* _WORK TO COMPLETE_: From the listing below, output only the lines starting at the line that has "1FMPU18566LA42409 - 2006" and ending at the line that has "Апартаменты Апартаменты c", exactly as they appear, ends included.

----- DATA -----

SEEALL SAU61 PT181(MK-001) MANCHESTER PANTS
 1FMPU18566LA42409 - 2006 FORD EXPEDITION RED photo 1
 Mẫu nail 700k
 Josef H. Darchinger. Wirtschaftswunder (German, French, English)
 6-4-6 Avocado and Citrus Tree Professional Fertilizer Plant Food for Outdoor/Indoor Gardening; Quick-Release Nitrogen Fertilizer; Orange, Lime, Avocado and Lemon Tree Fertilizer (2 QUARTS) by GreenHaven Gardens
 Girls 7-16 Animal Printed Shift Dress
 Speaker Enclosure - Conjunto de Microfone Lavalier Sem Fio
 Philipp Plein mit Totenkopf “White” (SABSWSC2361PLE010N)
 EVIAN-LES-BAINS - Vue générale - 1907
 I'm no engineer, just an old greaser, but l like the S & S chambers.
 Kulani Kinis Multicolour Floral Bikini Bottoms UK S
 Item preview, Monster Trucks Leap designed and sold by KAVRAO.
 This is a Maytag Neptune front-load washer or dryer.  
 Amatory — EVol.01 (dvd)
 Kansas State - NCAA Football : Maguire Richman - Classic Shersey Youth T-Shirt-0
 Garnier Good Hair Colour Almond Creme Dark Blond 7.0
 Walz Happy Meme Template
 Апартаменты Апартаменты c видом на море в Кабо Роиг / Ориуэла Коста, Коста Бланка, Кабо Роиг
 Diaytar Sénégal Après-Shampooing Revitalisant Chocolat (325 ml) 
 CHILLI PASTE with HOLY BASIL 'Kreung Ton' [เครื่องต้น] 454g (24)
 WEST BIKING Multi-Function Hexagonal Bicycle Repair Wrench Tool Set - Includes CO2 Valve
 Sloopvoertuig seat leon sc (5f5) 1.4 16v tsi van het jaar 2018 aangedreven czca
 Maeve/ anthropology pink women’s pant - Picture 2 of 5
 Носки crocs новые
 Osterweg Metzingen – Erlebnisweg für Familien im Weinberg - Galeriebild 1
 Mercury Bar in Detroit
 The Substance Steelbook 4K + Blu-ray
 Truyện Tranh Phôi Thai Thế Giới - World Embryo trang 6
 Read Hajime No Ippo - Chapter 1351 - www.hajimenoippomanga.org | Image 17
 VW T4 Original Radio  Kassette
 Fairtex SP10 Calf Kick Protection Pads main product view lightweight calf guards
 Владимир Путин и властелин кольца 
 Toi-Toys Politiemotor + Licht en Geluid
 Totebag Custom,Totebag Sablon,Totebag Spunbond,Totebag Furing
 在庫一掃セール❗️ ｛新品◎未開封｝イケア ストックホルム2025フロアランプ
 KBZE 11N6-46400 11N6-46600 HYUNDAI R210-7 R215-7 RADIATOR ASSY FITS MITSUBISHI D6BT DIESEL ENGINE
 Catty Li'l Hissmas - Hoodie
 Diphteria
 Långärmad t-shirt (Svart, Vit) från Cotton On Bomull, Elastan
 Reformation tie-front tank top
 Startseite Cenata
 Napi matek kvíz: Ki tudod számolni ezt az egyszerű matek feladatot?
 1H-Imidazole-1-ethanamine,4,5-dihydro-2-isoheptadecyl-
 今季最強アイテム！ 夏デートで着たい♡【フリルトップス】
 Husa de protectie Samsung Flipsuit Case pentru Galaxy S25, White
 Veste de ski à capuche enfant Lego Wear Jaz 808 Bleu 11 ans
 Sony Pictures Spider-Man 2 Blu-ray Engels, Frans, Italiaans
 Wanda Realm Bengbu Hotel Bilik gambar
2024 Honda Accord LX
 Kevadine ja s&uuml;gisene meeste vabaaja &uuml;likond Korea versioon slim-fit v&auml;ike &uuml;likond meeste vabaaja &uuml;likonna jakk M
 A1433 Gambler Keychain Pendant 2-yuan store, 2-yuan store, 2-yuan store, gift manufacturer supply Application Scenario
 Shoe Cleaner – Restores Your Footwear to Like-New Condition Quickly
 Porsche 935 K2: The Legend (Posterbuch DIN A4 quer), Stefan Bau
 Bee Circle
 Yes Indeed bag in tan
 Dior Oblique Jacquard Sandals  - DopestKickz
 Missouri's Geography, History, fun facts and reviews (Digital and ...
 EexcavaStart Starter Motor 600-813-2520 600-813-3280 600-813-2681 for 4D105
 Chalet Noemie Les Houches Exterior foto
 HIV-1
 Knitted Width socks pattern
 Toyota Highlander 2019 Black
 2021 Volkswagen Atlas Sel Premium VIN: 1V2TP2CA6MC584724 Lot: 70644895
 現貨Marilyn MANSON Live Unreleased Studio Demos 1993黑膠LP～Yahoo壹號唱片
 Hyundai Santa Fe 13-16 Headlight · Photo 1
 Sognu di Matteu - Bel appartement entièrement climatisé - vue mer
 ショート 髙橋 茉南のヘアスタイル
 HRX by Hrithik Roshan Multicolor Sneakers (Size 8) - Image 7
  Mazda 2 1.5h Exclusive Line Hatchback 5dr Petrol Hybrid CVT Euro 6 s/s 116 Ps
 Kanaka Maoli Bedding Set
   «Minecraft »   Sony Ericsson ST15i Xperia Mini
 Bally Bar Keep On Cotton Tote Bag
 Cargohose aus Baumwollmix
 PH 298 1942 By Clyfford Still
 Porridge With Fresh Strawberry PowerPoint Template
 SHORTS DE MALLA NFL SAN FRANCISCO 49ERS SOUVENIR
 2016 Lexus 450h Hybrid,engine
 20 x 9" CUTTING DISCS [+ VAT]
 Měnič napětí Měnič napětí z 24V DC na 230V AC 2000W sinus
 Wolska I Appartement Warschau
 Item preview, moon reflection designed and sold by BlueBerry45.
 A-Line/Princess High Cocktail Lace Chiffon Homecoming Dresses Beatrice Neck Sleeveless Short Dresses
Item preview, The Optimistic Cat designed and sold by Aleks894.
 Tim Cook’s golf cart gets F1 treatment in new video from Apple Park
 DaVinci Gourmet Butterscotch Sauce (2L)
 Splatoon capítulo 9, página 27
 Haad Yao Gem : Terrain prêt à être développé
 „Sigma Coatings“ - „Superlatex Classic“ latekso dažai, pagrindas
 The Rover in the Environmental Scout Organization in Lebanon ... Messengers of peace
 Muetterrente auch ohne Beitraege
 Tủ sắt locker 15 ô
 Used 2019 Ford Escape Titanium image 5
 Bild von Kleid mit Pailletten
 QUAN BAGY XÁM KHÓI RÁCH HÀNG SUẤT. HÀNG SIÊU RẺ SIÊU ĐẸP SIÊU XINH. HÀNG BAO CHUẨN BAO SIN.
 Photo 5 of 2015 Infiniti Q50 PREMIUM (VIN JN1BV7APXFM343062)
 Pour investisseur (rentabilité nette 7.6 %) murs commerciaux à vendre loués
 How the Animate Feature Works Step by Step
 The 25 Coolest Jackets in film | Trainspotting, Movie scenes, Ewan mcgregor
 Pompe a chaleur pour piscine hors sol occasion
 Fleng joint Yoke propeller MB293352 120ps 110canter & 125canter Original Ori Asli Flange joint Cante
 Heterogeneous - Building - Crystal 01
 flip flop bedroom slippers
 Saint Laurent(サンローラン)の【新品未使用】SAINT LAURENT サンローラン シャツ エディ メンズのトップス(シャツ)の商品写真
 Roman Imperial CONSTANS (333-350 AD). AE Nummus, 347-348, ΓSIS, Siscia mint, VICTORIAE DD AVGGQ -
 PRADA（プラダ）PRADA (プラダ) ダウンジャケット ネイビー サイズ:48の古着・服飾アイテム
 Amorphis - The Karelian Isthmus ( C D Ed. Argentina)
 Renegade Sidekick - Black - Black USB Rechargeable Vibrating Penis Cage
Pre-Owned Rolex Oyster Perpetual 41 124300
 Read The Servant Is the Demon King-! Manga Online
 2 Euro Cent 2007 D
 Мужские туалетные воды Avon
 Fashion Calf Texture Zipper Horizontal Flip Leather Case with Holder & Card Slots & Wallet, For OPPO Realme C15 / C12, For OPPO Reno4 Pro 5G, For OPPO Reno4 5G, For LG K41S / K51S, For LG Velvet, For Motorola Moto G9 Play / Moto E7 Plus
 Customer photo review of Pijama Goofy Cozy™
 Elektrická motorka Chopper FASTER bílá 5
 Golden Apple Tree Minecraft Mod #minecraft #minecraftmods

-----

* _WRITTEN ANSWER_:
 1FMPU18566LA42409 - 2006 FORD EXPEDITION RED photo 1
 Mẫu nail 700k
 Josef H. Darchinger. Wirtschaftswunder (German, French, English)
 6-4-6 Avocado and Citrus Tree Professional Fertilizer Plant Food for Outdoor/Indoor Gardening; Quick-Release Nitrogen Fertilizer; Orange, Lime, Avocado and Lemon Tree Fertilizer (2 QUARTS) by GreenHaven Gardens
 Girls 7-16 Animal Printed Shift Dress
 Speaker Enclosure - Conjunto de Microfone Lavalier Sem Fio
 Philipp Plein mit Totenkopf “White” (SABSWSC2361PLE010N)
 EVIAN-LES-BAINS - Vue générale - 1907
 I'm no engineer, just an old greaser, but l like the S & S chambers.
 Kulani Kinis Multicolour Floral Bikini Bottoms UK S
 Item preview, Monster Trucks Leap designed and sold by KAVRAO.
 This is a Maytag Neptune front-load washer or dryer.  
 Amatory — EVol.01 (dvd)
 Kansas State - NCAA Football : Maguire Richman - Classic Shersey Youth T-Shirt-0
 Garnier Good Hair Colour Almond Creme Dark Blond 7.0
 Walz Happy Meme Template
 Апартаменты Апартаменты c видом на море в Кабо Роиг / Ориуэла Коста, Коста Бланка, Кабо Роиг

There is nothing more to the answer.